> What is expected:
When you reach the line containing "We have an AP" in the records below, start copying exactly, and stop once you have copied the line containing "The app is found".

> Material for this task:
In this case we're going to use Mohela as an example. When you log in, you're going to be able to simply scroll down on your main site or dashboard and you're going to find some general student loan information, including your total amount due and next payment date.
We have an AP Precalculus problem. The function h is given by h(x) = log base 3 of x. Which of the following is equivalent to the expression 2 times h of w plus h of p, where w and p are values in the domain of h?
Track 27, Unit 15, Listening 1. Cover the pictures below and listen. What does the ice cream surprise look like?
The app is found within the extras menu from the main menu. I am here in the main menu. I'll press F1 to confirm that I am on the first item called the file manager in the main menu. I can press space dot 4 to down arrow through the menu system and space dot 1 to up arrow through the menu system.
...
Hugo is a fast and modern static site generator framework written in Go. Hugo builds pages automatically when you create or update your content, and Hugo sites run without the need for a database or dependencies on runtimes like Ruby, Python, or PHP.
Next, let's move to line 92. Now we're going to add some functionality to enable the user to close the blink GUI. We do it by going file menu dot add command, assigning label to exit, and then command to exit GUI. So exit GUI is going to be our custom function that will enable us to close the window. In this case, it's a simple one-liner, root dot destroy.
--
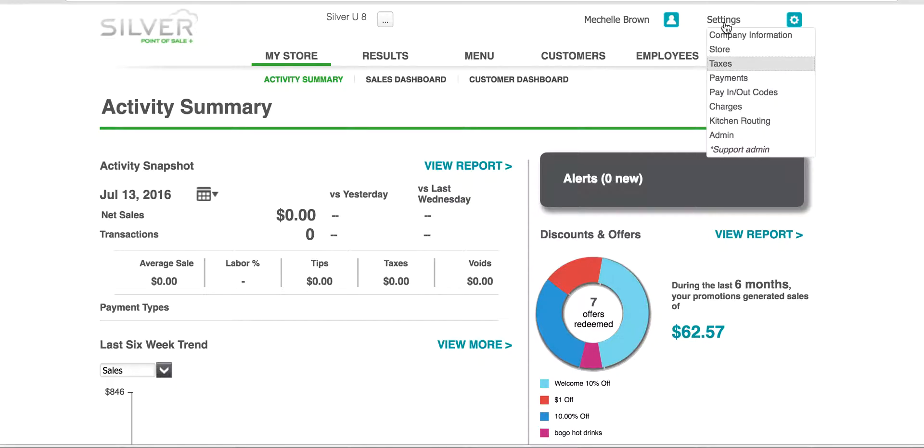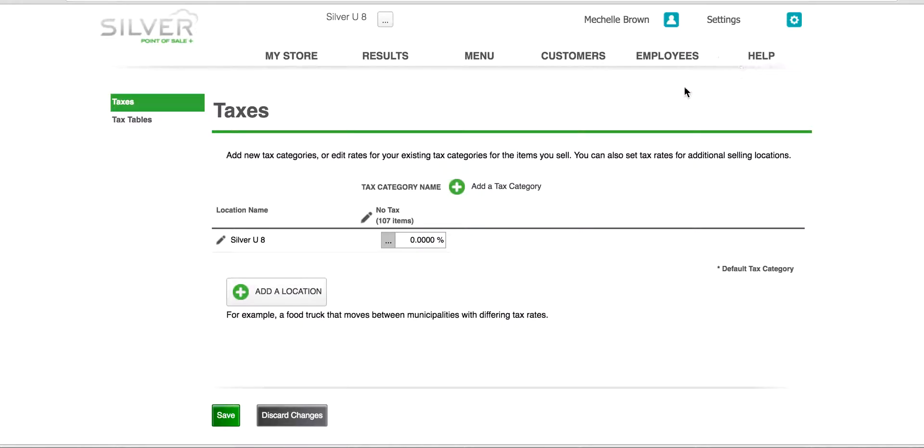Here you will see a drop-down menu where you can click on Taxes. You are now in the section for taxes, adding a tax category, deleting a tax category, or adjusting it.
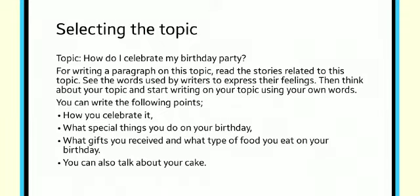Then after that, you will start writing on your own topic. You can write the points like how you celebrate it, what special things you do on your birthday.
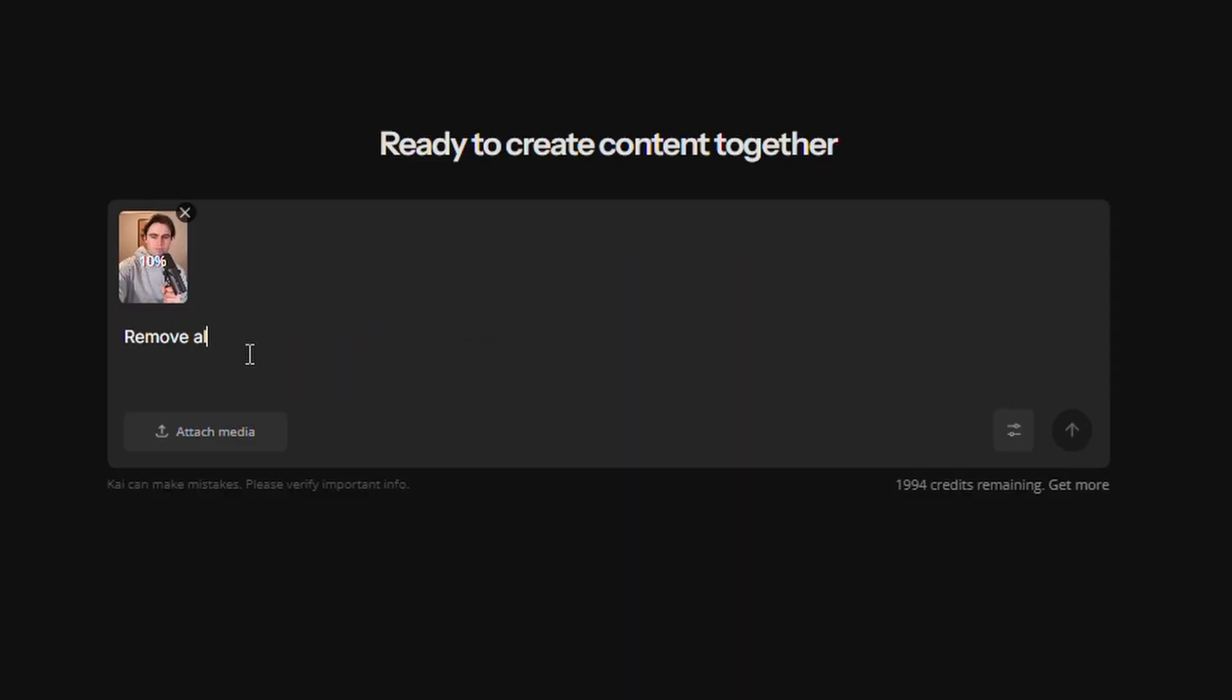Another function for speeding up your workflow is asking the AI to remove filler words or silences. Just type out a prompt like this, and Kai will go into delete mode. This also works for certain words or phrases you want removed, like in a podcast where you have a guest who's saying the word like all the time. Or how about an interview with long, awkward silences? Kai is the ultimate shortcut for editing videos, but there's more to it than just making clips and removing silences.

> Answer to this exercise:
We have an AP Precalculus problem. The function h is given by h(x) = log base 3 of x. Which of the following is equivalent to the expression 2 times h of w plus h of p, where w and p are values in the domain of h?
Track 27, Unit 15, Listening 1. Cover the pictures below and listen. What does the ice cream surprise look like?
The app is found within the extras menu from the main menu. I am here in the main menu. I'll press F1 to confirm that I am on the first item called the file manager in the main menu. I can press space dot 4 to down arrow through the menu system and space dot 1 to up arrow through the menu system.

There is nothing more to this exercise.